• TASK REQUIREMENTS
Write out the entries exactly, pictures excluded.

⟨

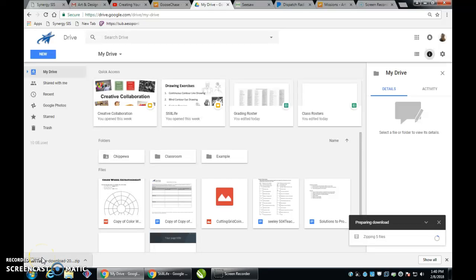Hello everybody, I'm Mr. Seeley, and I'm going to be demonstrating how to upload and save information in your Google Drive from your art classroom.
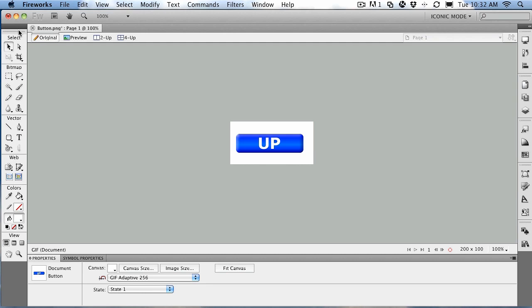If there's one aspect of working with symbols in Fireworks that I just adore, it is the ability to create buttons. Buttons are wonderful little navigation elements that allow people to go places, do things, and kick off events. They're so intrinsic and built into the process that they've almost become commonplace.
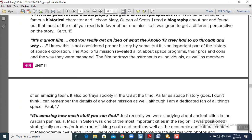As far as space history goes, the student — Paul, age 17 — says he can't remember the details of any other mission as well. The movie helped him memorize events of space exploration very effectively. I encourage you to watch historical movies if you like — they can be a very useful way to engage with history.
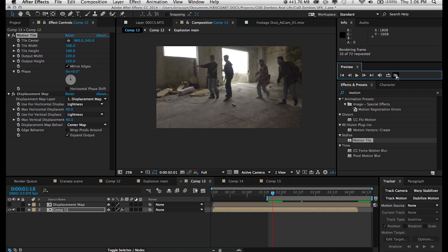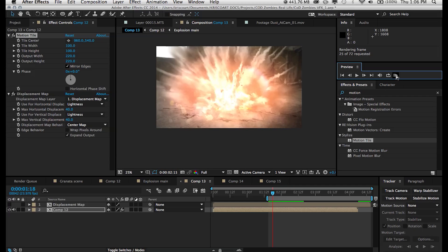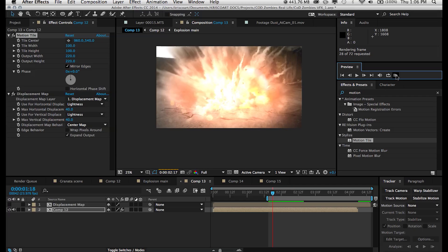And that's pretty much it. That's how you create a shockwave. Now, again, you can use these techniques and apply them however way you want.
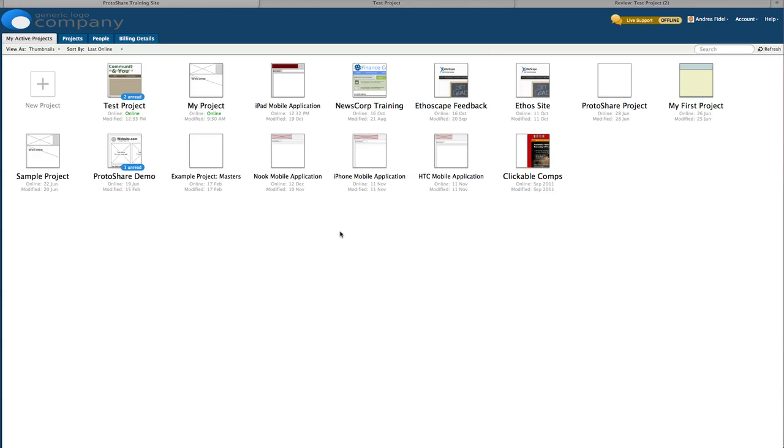There are two main types of roles in ProtoShare, editors and reviewers. Editors can be account managers, company managers, project managers, or developers, and have various levels of editing and creating abilities. And then there are reviewers who can only interact with prototypes and respond to and create discussion topics for those prototypes.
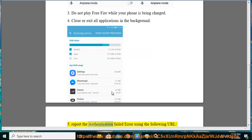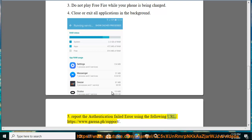5. Report the authentication failed error using the following URL: https://www.garena.ph/support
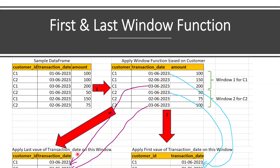Similarly, when I want the last transaction date for each customer, I can use the last function. When we apply the window based on customer ID, it creates a window for each unique value — C1 and C2 — producing two windows. Within the first window, applying first returns the first record, and applying last returns the last record. For the second window for customer C2, the first value is the earliest and the last value is the latest.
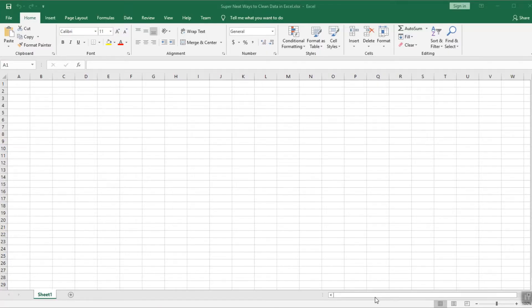Hello everyone and welcome to this new video tutorial. In this video I'm going to show you multiple ways how you can clean data in Excel without the need of doing much manual input.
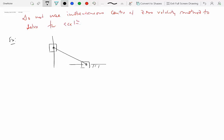This is a mechanism which is also a four-bar mechanism called a double slider mechanism. When this slider is pushed down, the other slider is pushed in the horizontal direction. Slider P1 is constrained to slide up and down, while slider P2 is constrained to slide horizontally. They are connected by a connecting rod.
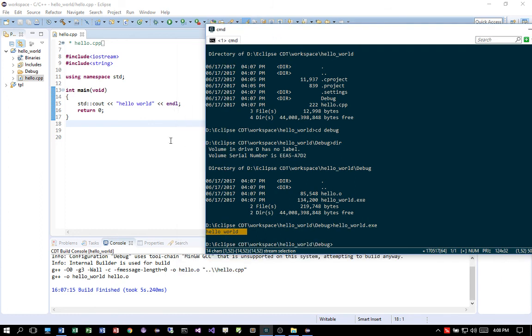Okay, so that's the basic tutorial on how to compile C++ code in Eclipse CDT and then execute the program in ConEmu. Thank you for watching, see you next time.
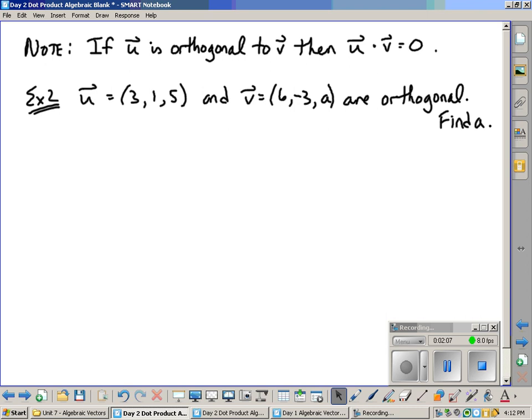So we can use this fact to answer some pretty interesting questions. So here we have an example, example two, where we have two vectors, u and v. And I know they are orthogonal. And because they're orthogonal, I know that they're perpendicular. So u is 3, 1, 5, and v is 6, negative 3, and something. And I've called a. I'd like to try and figure out what that a is.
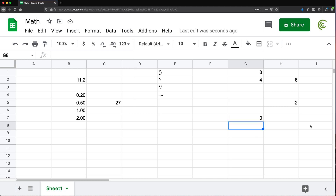If you know this much math, that should be enough to deal with the vast majority of spreadsheets in most companies. Thanks for watching — please subscribe and I'll see you in the next one.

⟩

• TASK RESPONSE
Hello everybody, I'm Mr. Seeley, and I'm going to be demonstrating how to upload and save information in your Google Drive from your art classroom.
If there's one aspect of working with symbols in Fireworks that I just adore, it is the ability to create buttons. Buttons are wonderful little navigation elements that allow people to go places, do things, and kick off events. They're so intrinsic and built into the process that they've almost become commonplace.
As far as space history goes, the student — Paul, age 17 — says he can't remember the details of any other mission as well. The movie helped him memorize events of space exploration very effectively. I encourage you to watch historical movies if you like — they can be a very useful way to engage with history.
And that's pretty much it. That's how you create a shockwave. Now, again, you can use these techniques and apply them however way you want.
There are two main types of roles in ProtoShare, editors and reviewers. Editors can be account managers, company managers, project managers, or developers, and have various levels of editing and creating abilities. And then there are reviewers who can only interact with prototypes and respond to and create discussion topics for those prototypes.
5. Report the authentication failed error using the following URL: https://www.garena.ph/support
Similarly, when I want the last transaction date for each customer, I can use the last function. When we apply the window based on customer ID, it creates a window for each unique value — C1 and C2 — producing two windows. Within the first window, applying first returns the first record, and applying last returns the last record. For the second window for customer C2, the first value is the earliest and the last value is the latest.
Hello everyone and welcome to this new video tutorial. In this video I'm going to show you multiple ways how you can clean data in Excel without the need of doing much manual input.
This is a mechanism which is also a four-bar mechanism called a double slider mechanism. When this slider is pushed down, the other slider is pushed in the horizontal direction. Slider P1 is constrained to slide up and down, while slider P2 is constrained to slide horizontally. They are connected by a connecting rod.
Okay, so that's the basic tutorial on how to compile C++ code in Eclipse CDT and then execute the program in ConEmu. Thank you for watching, see you next time.
So we can use this fact to answer some pretty interesting questions. So here we have an example, example two, where we have two vectors, u and v. And I know they are orthogonal. And because they're orthogonal, I know that they're perpendicular. So u is 3, 1, 5, and v is 6, negative 3, and something. And I've called a. I'd like to try and figure out what that a is.
If you know this much math, that should be enough to deal with the vast majority of spreadsheets in most companies. Thanks for watching — please subscribe and I'll see you in the next one.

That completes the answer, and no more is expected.